> **Data provided**
********************
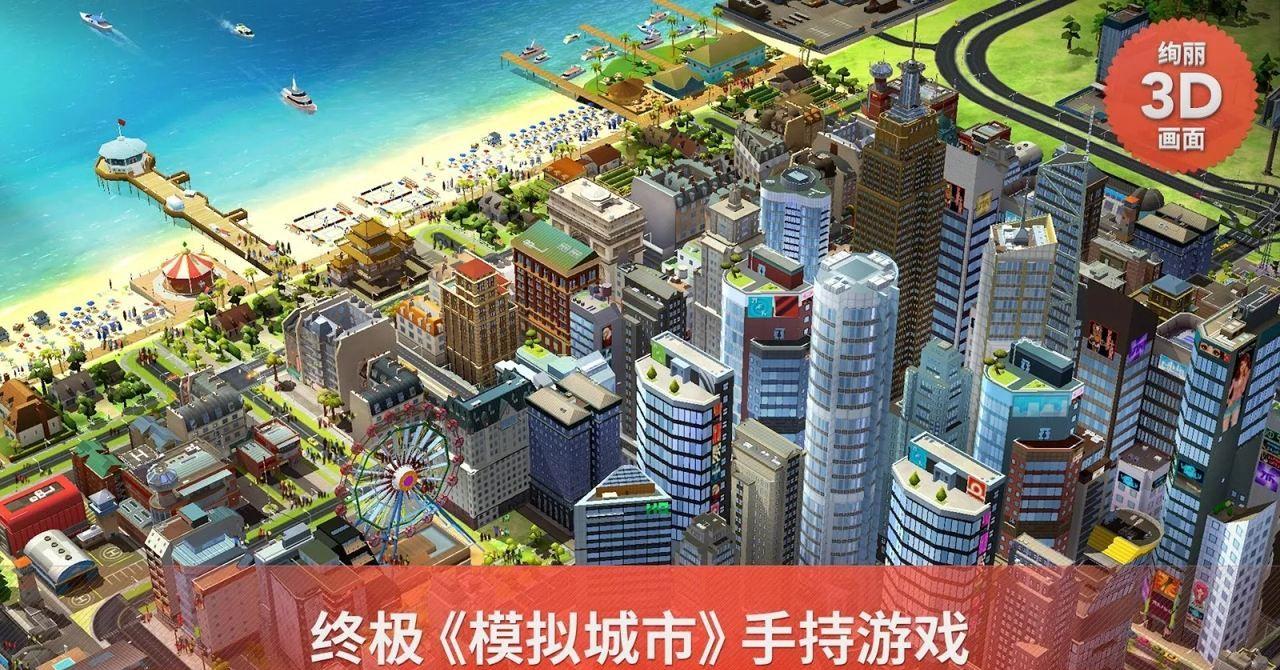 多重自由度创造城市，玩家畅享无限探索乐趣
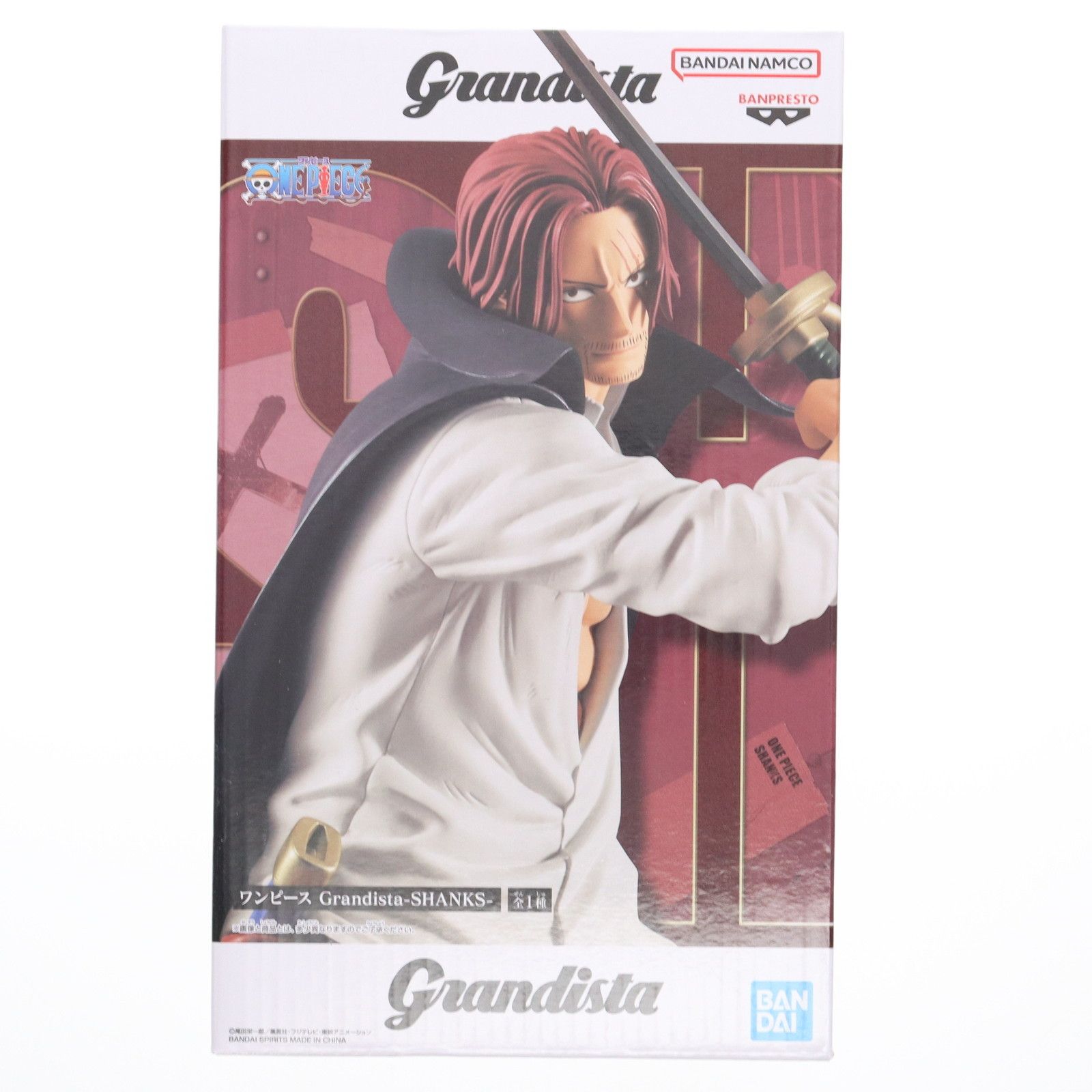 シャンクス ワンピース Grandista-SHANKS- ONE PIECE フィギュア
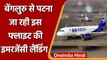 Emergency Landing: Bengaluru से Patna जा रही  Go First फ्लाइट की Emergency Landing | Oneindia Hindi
********************
> **What you are asked to do**
With pictures excluded, copy exactly the lines from the line containing "シャンクス ワンピース Grandista-SHANKS- ONE" through the last line of the listing above, both ends included.

> **Your response**
 シャンクス ワンピース Grandista-SHANKS- ONE PIECE フィギュア
 Emergency Landing: Bengaluru से Patna जा रही  Go First फ्लाइट की Emergency Landing | Oneindia Hindi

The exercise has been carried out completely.